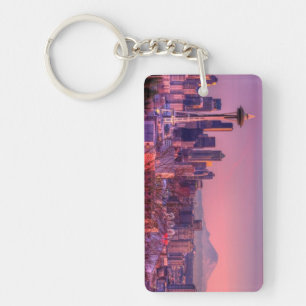 Sonnenuntergang hinter Seattle-Skylinen von Schlüsselanhänger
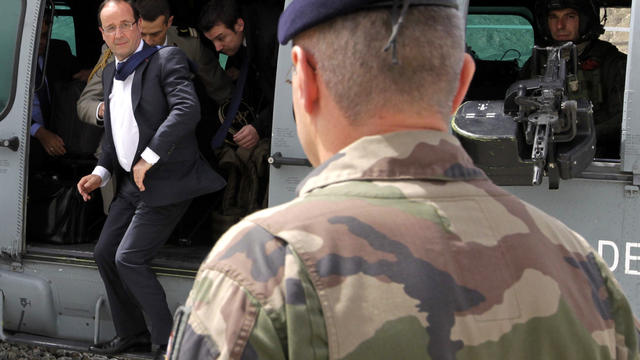 French President Francois Hollande arrives at Forward Operating Base Nijrab May 25, 2012, in Kapisa, Afghanistan, where most French troops are stationed. 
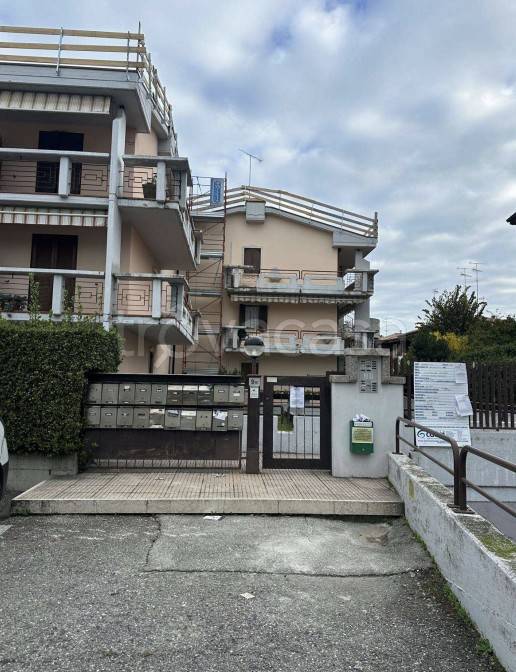 appartamento in vendita a Desenzano del Garda in zona Rivoltella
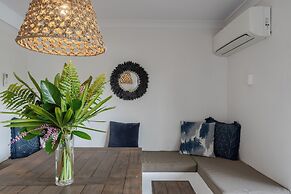 Outrigger Bay Apartments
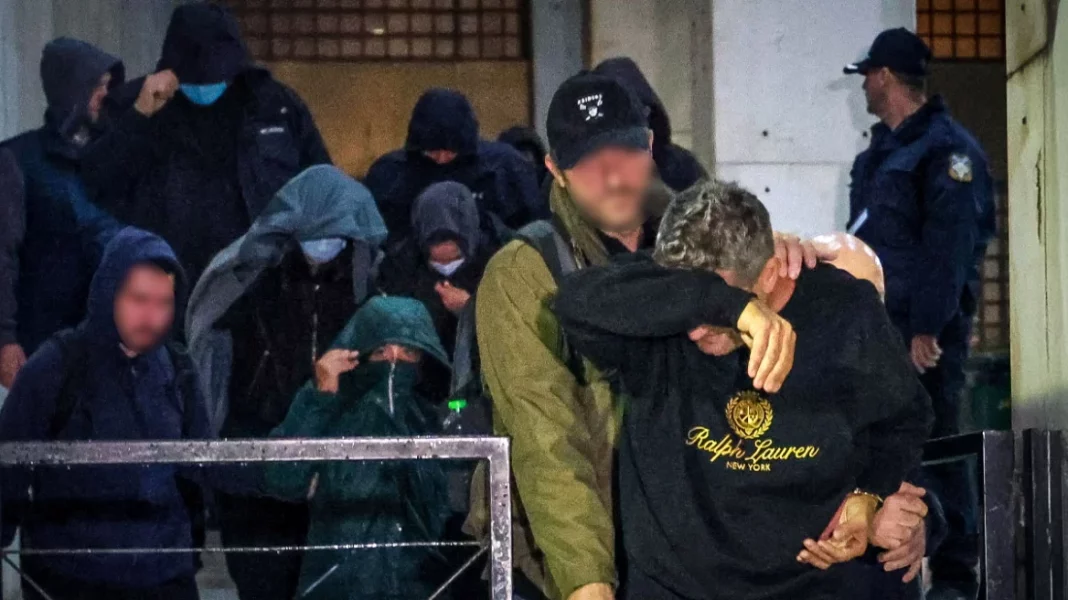 Τι κατέγραψε ο κοριός της ΕΛΑΣ για το «Χωριάτικο»: Οι επίορκοι δημόσιοι υπάλληλοι, τα «βαφτιστήρια» και τα κραγιόν YSL…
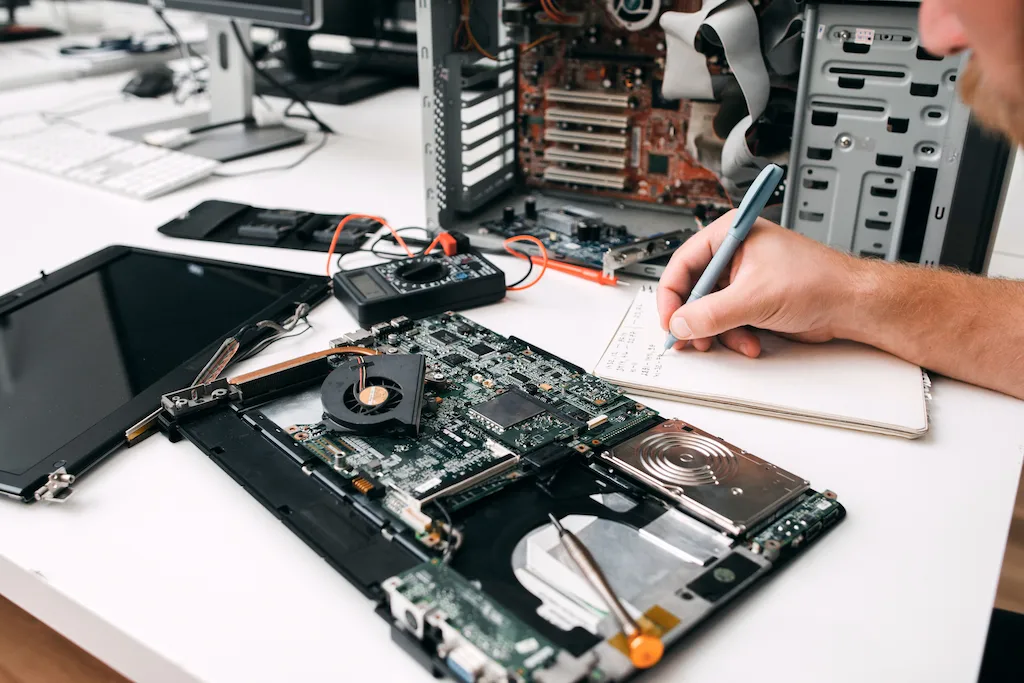diferencia entre hardware y software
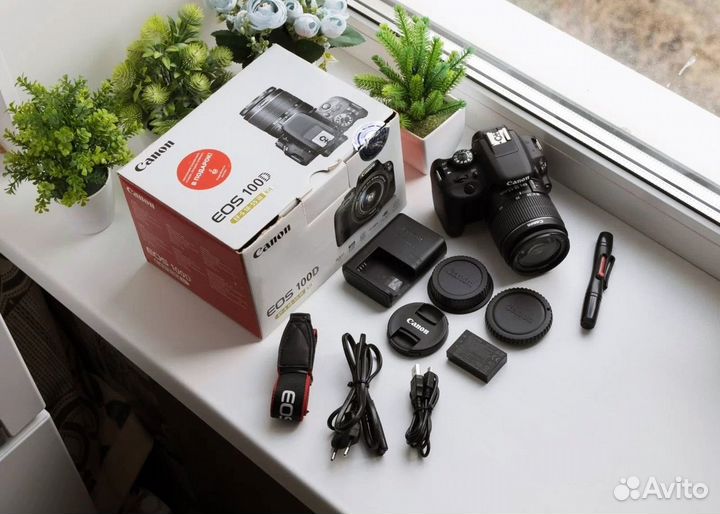Фотоаппарат Canon EOS 100D Kit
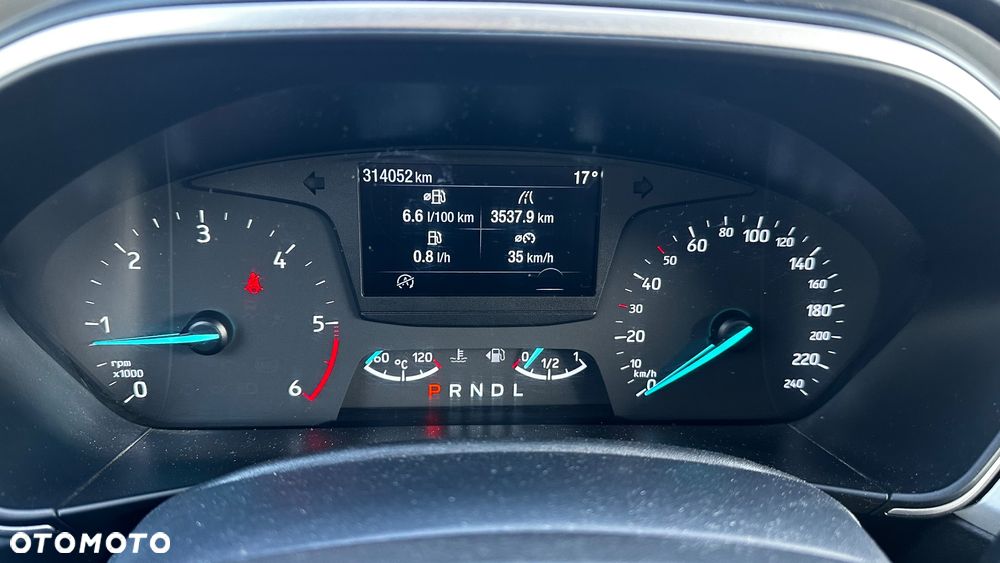 Ford Focus 1.5 TDCi Trend Sport PowerShift - 6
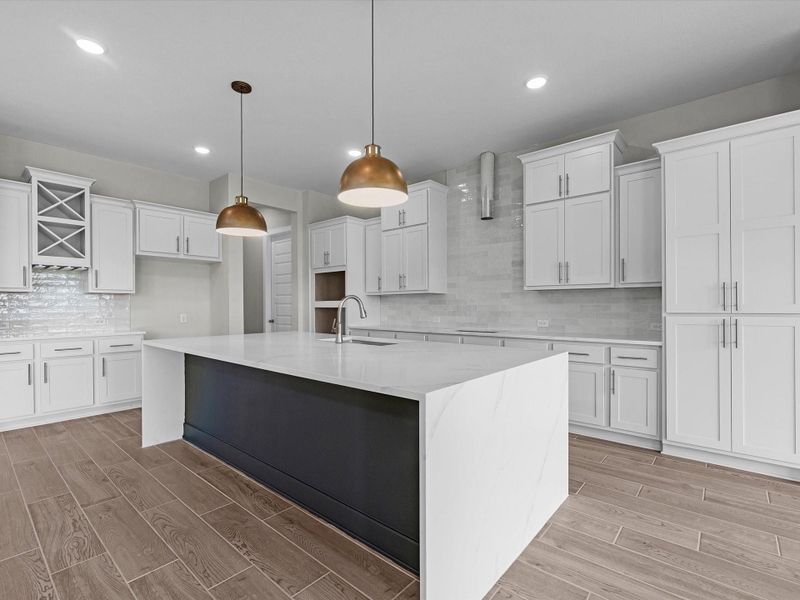 Representative image. Features, specifications, selections and colors may vary. Representative image. Features, specifications, selections and colors may vary.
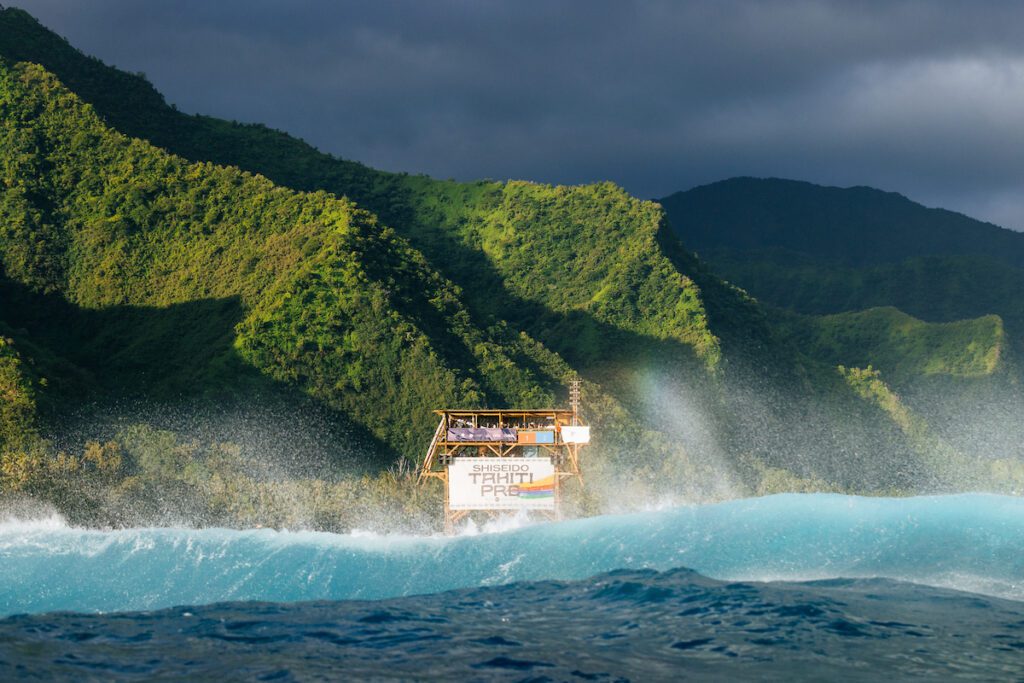 Protestas en Teahupoo contra la torre de los Juegos olímpicos 1 teahupoo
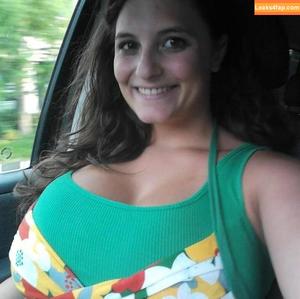 Avery Harwood photo #0147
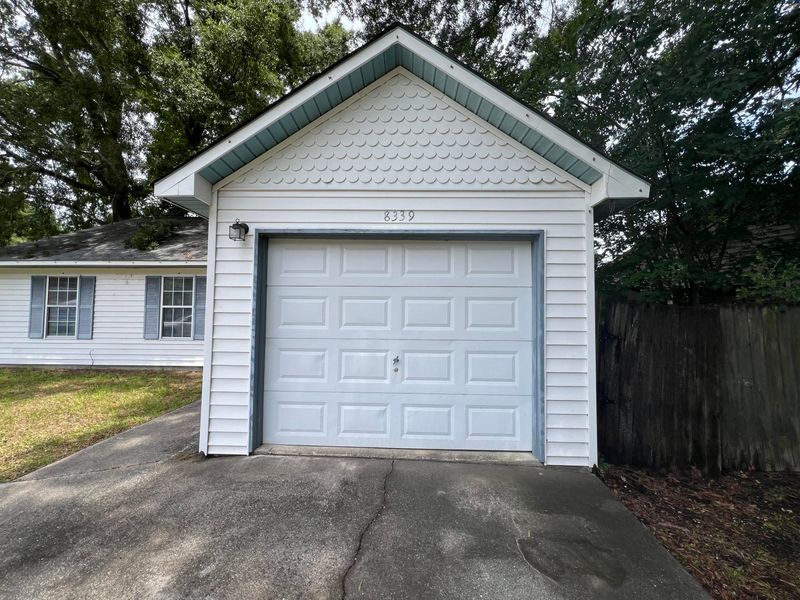 8339 Whitehaven Dr, North Charleston, SC 29420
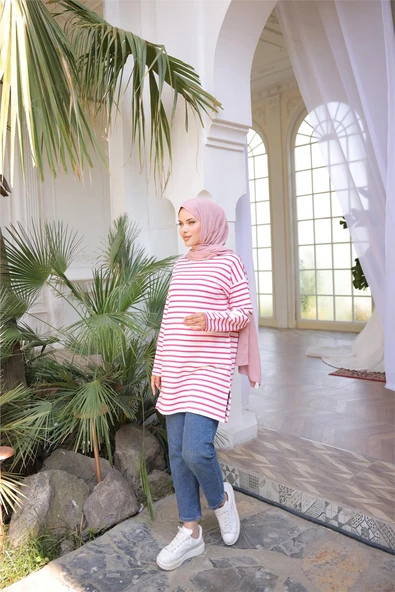 O Yaka Yatay Çizgili Uzun Kollu Kısa Yırtmaçlı Tunik - (38-46) - 71295 - Fuşya - Resim 3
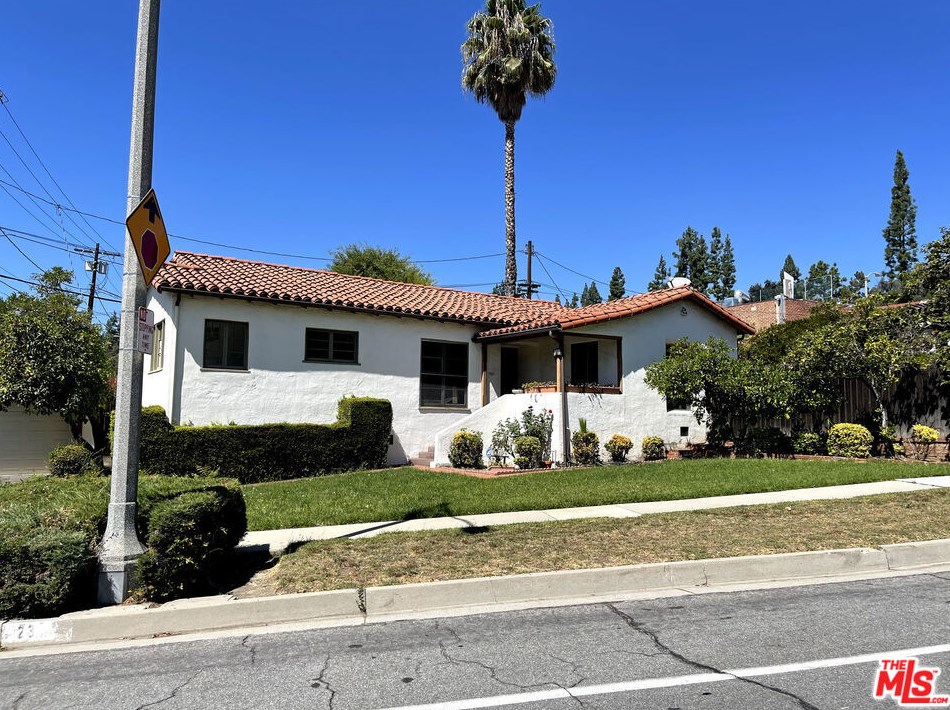 23 Melrose Ave, Pasadena CA  91105-1426 exterior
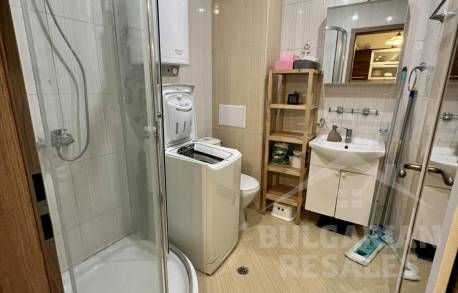 Byt v krásnej štvrti obklopený zeleňou a tichom! - Фото11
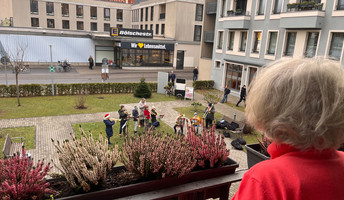 Schüler*innen der evangelischen Grundschule Friedrichshagen begeisterten die Bewohner*innen der ProCurand Seniorenresidenz Bölschestraße in Berlin mit einem Bläserkonzert.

#### Problem
Your task is to set down each line above verbatim while excluding the pictures.

#### Result for this task
 Sonnenuntergang hinter Seattle-Skylinen von Schlüsselanhänger
 French President Francois Hollande arrives at Forward Operating Base Nijrab May 25, 2012, in Kapisa, Afghanistan, where most French troops are stationed. 
 appartamento in vendita a Desenzano del Garda in zona Rivoltella
 Outrigger Bay Apartments
 Τι κατέγραψε ο κοριός της ΕΛΑΣ για το «Χωριάτικο»: Οι επίορκοι δημόσιοι υπάλληλοι, τα «βαφτιστήρια» και τα κραγιόν YSL…
diferencia entre hardware y software
Фотоаппарат Canon EOS 100D Kit
 Ford Focus 1.5 TDCi Trend Sport PowerShift - 6
 Representative image. Features, specifications, selections and colors may vary. Representative image. Features, specifications, selections and colors may vary.
 Protestas en Teahupoo contra la torre de los Juegos olímpicos 1 teahupoo
 Avery Harwood photo #0147
 8339 Whitehaven Dr, North Charleston, SC 29420
 O Yaka Yatay Çizgili Uzun Kollu Kısa Yırtmaçlı Tunik - (38-46) - 71295 - Fuşya - Resim 3
 23 Melrose Ave, Pasadena CA  91105-1426 exterior
 Byt v krásnej štvrti obklopený zeleňou a tichom! - Фото11
 Schüler*innen der evangelischen Grundschule Friedrichshagen begeisterten die Bewohner*innen der ProCurand Seniorenresidenz Bölschestraße in Berlin mit einem Bläserkonzert.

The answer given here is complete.